MILAGRE AO CONTRÁRIO


 Wagner Fontenelle Pessôa
Há determinadas coisas, na vida, que parecem ocorrer de forma diametralmente oposta àquilo que se espera, quando as concebemos. Um período de férias, numa praia paradisíaca, em que chuvas torrenciais resolvam cair, do primeiro ao último dia da nossa estada naquele pedacinho do Céu, é um bom exemplo disto. Ou uma festa de aniversário, em que convidados sem noção e bem alcoolizados se engalfinham e trocam socos no meio do salão, porque um olhou de mau jeito para a acompanhante do outro. E é a coisas deste tipo que estou pretendendo me referir.
            Todas as famílias fazem uso de alguns bordões — de termos ou expressões que, em seu código verbal particular, adquirem um significado próprio — que, sempre ou quase sempre, estão vinculados a determinados fatos ou circunstâncias vividos por algum de seus membros. A minha, pelo menos, tem vários destes! E uma dessas expressões, das quais nos utilizamos de forma comum e corriqueira, para indicar uma coisa que saiu ao avesso do pretendido é justamente esta: "milagre ao contrário".
            Mas este "significante", como preferem os linguistas, nasceu, em minha família, há várias gerações, por obra e graça da minha bisavó Michol (um nome bíblico, que se pronuncia "Micol"), que nos deixou, como esta, outras tantas histórias divertidas. Era, como garantem os que conviveram mais tempo com ela, uma pessoa realmente engraçada, com um impagável senso de humor e que encontrava, em tudo, motivo para fazer rir, mesmo nas situações mais adversas.
            Pois bem! Segundo a história que eu me disponho a contar, certa vez passou lá por Fortaleza, em hábil peregrinação nordestina promovida pelos padres de então, a imagem de uma santa — que não sei qual delas seria — deixando, em seu rastro, uma série de milagres, curas e outros benefícios do gênero, conforme garantiam os religiosos.

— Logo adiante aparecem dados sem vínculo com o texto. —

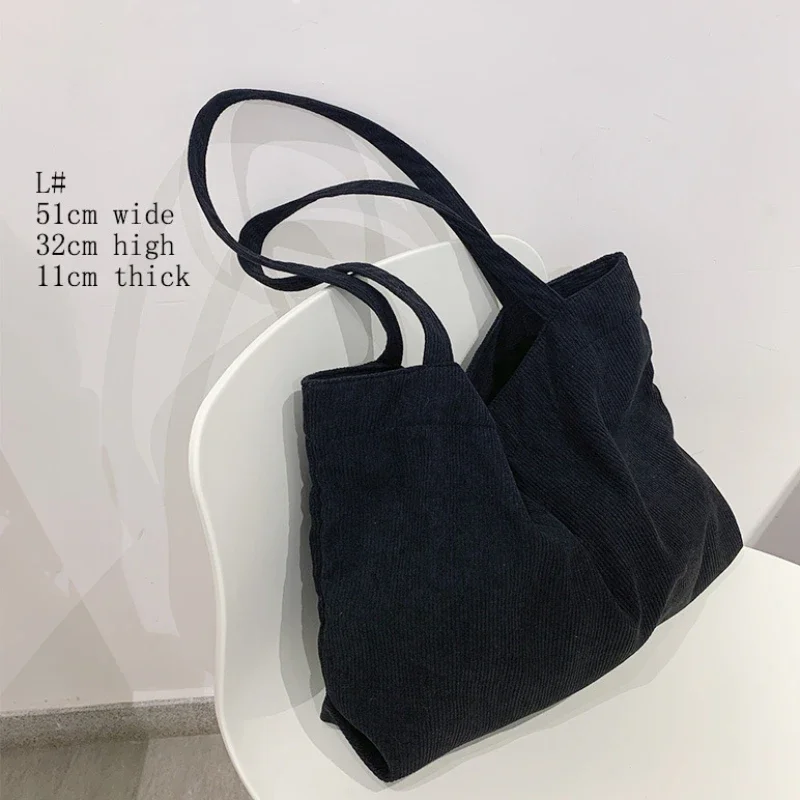 Bolso de mano de pana para mujer y niña, bolsa de compras ecológica reutilizable, de gran capacidad, para invierno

            Posso imaginar o "frisson" com a chegada da tal imagem, porque vinha precedida da fama de seus feitos e porque conheço bem a natureza mística daquele povo do Nordeste do Brasil.
            Iria ser exibida, parece que uma única vez, numa das praças da capital cearense e, para lá, acorreram milhares de pessoas, aguardando a oportunidade de alcançar uma graça, uma cura ou, simplesmente — como era o caso da minha bisavó — as bênçãos da santa.
            Fervor demais, às vezes, também atrapalha. E a excitação da massa para ver a "milagrosa" redundou num tumulto terrível, que acabou causando uma grande correria, com gente se machucando e, desconfio, com muita blasfêmia também, dita pelos que se frustraram em relação ao esperado momento de louvor.
            A minha bisavó também andou levando uns pisões, acabou chegando em casa com os pés machucados e, por consequência, mancando. Porém, quando alguém lhe perguntou se ela havia presenciado a ocorrência de algum milagre, dona Michol, sem perder o costumeiro bom humor, arrematou a conversa, respondendo:
            — Comigo, pelo menos, o que aconteceu foi um "milagre ao contrário": saí de casa boazinha e voltei aleijada, como vocês podem ver!
                Assim e desde então, sempre que alguma coisa dá errado e ao revés do planejado para algum de nós, não precisamos de muitas palavras para contar sobre o insucesso, a quem nos pergunta. Apenas dizemos, com uma ponta de deboche, que o que conseguimos foi um milagre ao contrário! E todo mundo entende logo o que se pretende dizer.